Governor Mark Carney from the Bank of England to Set New Plans

    OXFORD, ENGLAND, August 09, 2013 /24-7PressRelease/ -- In what is perhaps viewed as his most important announcement since being inducted as the governor of the Bank of England, Mark Carney is set to reveal new plans with regards to setting interest rates and attempting to convince local businesses, consumers and global financial markets of a positive move related to lending costs in the UK. This was in response to unfavorable judgment from critics saying that the Bank of England has failed to produce solutions for economic growth immediately after the 2008 global recession. Carney is set to announce his thorough plans for the BoE during a televised press conference on Wednesday that will likely give insight on his five-year position as governor.

Carney also happens to be the chairman of the Monetary Policy Committee (MPC) of the BoE, which is responsible for setting the interest rates in order to keep the inflation at low levels. Financial analysts are already making predictions as to how Carney's big announcement on Wednesday will turn out and have come up with five possible outcomes:

The MPC will lean more towards the status quo and will reject forward guidance, which Carney favours.
If forward guidance is seen as a key need, the MPC will only agree if there is a link to raise interest rates.
They will mimic the strategies of the US Federal Reserve and focus on improving unemployment rates.
The MPC will do a variation on improving unemployment with a link to a minimum growth in the GDP.
Worst case scenario: the MPC is prepared to spike interest rates if unemployment fails to improve.
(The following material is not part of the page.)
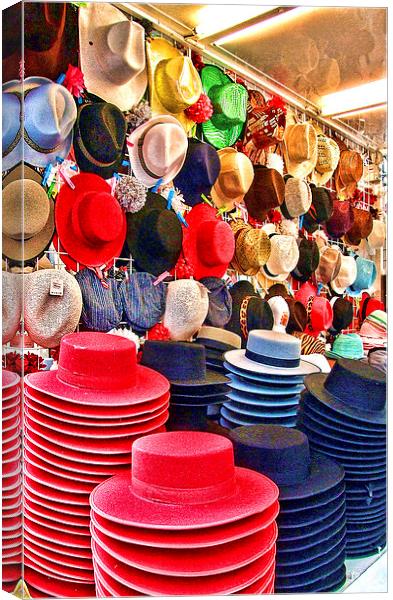 Traditional hats at Malaga feria Canvas Print by Adrian Wilkinson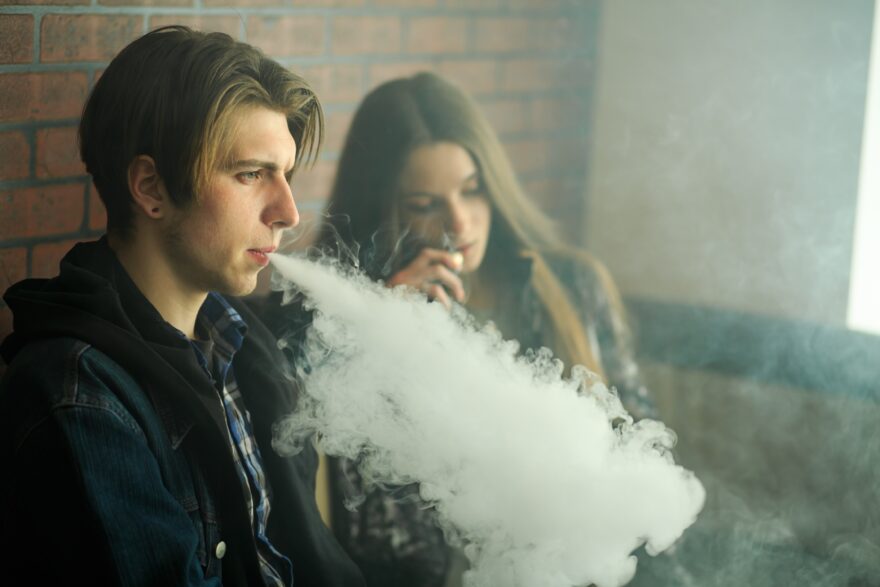 two teenagers vaping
The likelihood of any of these options can go either way, provided that Carney will be able to have thorough discussions with the members of the MPC regarding top issues that the BoE needs to address. George Osborne requested that Carney should review the BoE's remit, which should reflect a maintained inflation rate of 2 per cent. He added that Carney must consider if a broader set of criteria would allow for more active flexibility by the MPC when setting the interest rates.
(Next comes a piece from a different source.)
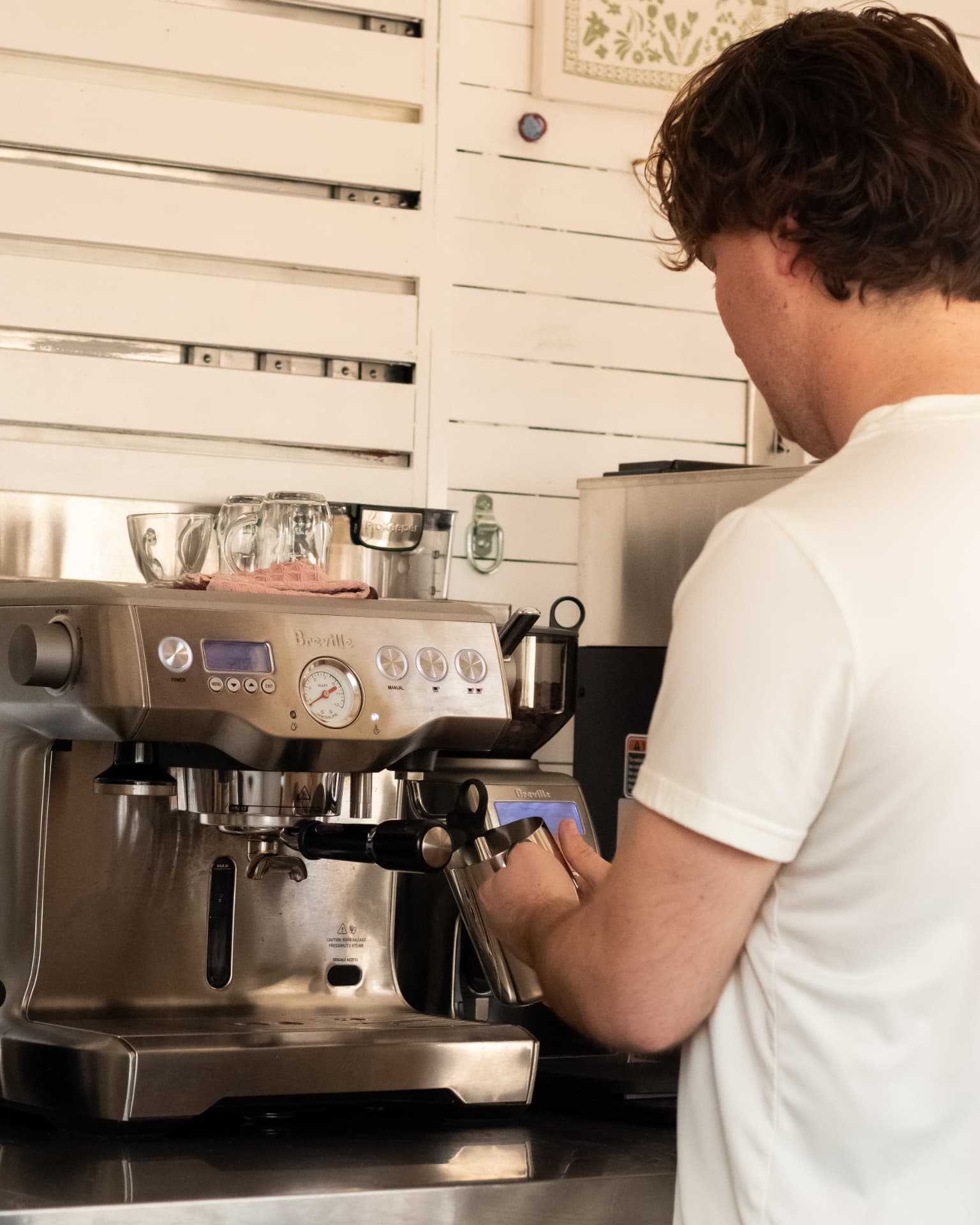A Luma Coffee Co. barista steaming milk at the espresso machine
Regardless of how the MPC will make their decision, Carney intends to make a similar stance with his American contemporary, Ben Bernanke, chairman of the Federal Reserve in the United States, whose actions have significantly saved the US from further economic ruin. Such a move might not be agreeable to some members of the MPE according to several financial analysts closely monitoring the situation, but until Carney's public announcement, such things will remain a speculation until further notice.